Translate

Rabu, 14 Agustus 2013

KEBOHONGAN SBY DI PICU OLEH SISTEM YAHUDI

Semasa menjabat sebagai Perdana Menteri Malaysia, Mahathir Mohammad dikenal sebagai tokoh yang amat disegani baik di kawasan Asia maupun di tingkat dunia. Pernyataan-pernyataannya yang keras terhadap ketidakadilan yang terjadi di dunia seringkali membuat panas telinga Amerika Serikat.
Belum lagi kebijakan ekonominya yang mampu membuat Malaysia bangkit menjadi negara yang sangat diperhitungkan di kawasan Asia pasifik. Kehebatan Mahathir terbukti membawa Malaysia mampu bertahan melewati krisis finansial yang terjadi di tahun 1997-1998 dan bangkit menjadi New Emerging Forces. Berkat prestasinya ini Mahathir kemudian mendapat julukan sebagai Little Soekarno.
Serupa dengan Mahathir Mohammad, SBY pun dipenuhi oleh “prestasi” yang membanggakan. Kemampuannya untuk memberangus lawan-lawan politiknya adalah bukti betapa piawainya SBY memainkan jurus-jurus muslihat politiknya. Sebut saja Mantan Kepala Staf TNI Angkatan Darat (KSAD) Jenderal (Purn) Ryamizard Ryacudu yang diganjal untuk naik sebagai Panglima TNI ketika itu. Alih-alih Ryamizad, SBY malah memilih rekan seangkatannya (sesama lulusan Angkatan 1973) yaitu Marsekal Djoko Suyanto untuk menggantikan Endriartono Sutarto menjadi Panglima TNI.
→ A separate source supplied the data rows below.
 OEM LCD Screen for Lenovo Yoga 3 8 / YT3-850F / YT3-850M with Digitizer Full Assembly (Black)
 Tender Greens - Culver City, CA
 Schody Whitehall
Demikian pula kasus Antasari Azhar dimana Cirus Sinaga, yang saat ini menjadi tersangka dalam kasus Gayus, berperan menjadi Penuntut Umum dalam kasus Antasari. Antasari Azhar harus menerima buah akibat dari keberhasilannya memenjarakan besan SBY Aulia Pohan
Selain itu, apa yang dilakukan oleh SBY terhadap Sri Sultan HBX dengan RUUK Yogyakarta juga masih diimani dengan semangat yang sama. Semangat untuk menghabisi lawan-lawan poltiknya. Demikian pula dengan aksi spanduk besar-besaran yang dilakukan oleh Gerakan Anti Din Syamsuddin untuk memojokkan Din Syamsuddin adalah upaya black campaign yang diniatkan untuk memecah belah sekaligus medelegitimasi upaya Tokoh Lintas Agama dalam upayanya memperbaiki negeri ini.
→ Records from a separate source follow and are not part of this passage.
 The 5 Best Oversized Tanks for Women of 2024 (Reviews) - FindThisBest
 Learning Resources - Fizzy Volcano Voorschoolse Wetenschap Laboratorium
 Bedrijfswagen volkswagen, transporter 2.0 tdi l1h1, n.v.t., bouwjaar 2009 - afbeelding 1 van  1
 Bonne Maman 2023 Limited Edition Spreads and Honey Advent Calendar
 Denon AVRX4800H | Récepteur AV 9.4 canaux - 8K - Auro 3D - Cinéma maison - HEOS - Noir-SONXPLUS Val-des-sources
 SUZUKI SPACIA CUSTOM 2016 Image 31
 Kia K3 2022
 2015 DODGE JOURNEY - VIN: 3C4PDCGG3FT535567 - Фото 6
Begitu pula dengan kasus penangkapan anggota DPRRI terkait kasus Miranda Gate lebih terkesan tebang pilih. Beberapa anggota DPRRI dari Fraksi PDIP yang ditangkap adalah mereka yang masuk kelompok Megawati yang kontra SBY. Ujung-ujungnya sudah bisa dipastikan mereka akan terkena pergantian antar waktu untuk diganti oleh orang-orangnya Taufik Kiemas yang pro SBY. Sedang penangkapan anggota DPRRI dari Partai GOLKAR yang terlibat Miranda Gate adalah sebuah warning terhadap Aburizal “Ical” Bakrie agar tetap tertib dalam barisan setgab koalisi Partai pendukung SBY.
Perlakuan terhadap aktivis juga beda-beda tipis dengan apa yang dilakukan Soeharto semasa berkuasa. Adalah Syahrul ditangkap tanpa sengaja saat polisi menggelar razia lalu lintas di kawasan Gunung Sahari, Jakarta Pusat, Rabu (12/1 2011) lalu. Syahrul Efendi Dasopang. Mantan ketua umum Himpunan Mahasiswa Indonesia (HMI) terpaksa berurusan dengan polisi gara-gara membawa buku berjudul SBY Antek Yahudi-AS? Suatu Kondisional Menuju Revolusi karya Eggi Sudjana.
Kasus yang lain juga terjadi atas sejumlah aktivis yang sedang mengadakan rapat konsolidasi gerakan, Kamis (20/1 2011). Menurut keterangan langsung dari Berry, penanggung jawab rapat, “ada tiga polisi yang sudah berjaga di lokasi. Dan saat kami mulai rapat, salah satu dari polisi itu ikut masuk ke ruang rapat. Karena di antara kita sudah saling kenal, kami langsung deteksi dini melihat polisi ‘nekat’ itu. Setelah ditanya, polisi itu mengaku dari Polsek Kebayoran Baru. Kami pun mempersilahkan untuk keluar dari ruang rapat.”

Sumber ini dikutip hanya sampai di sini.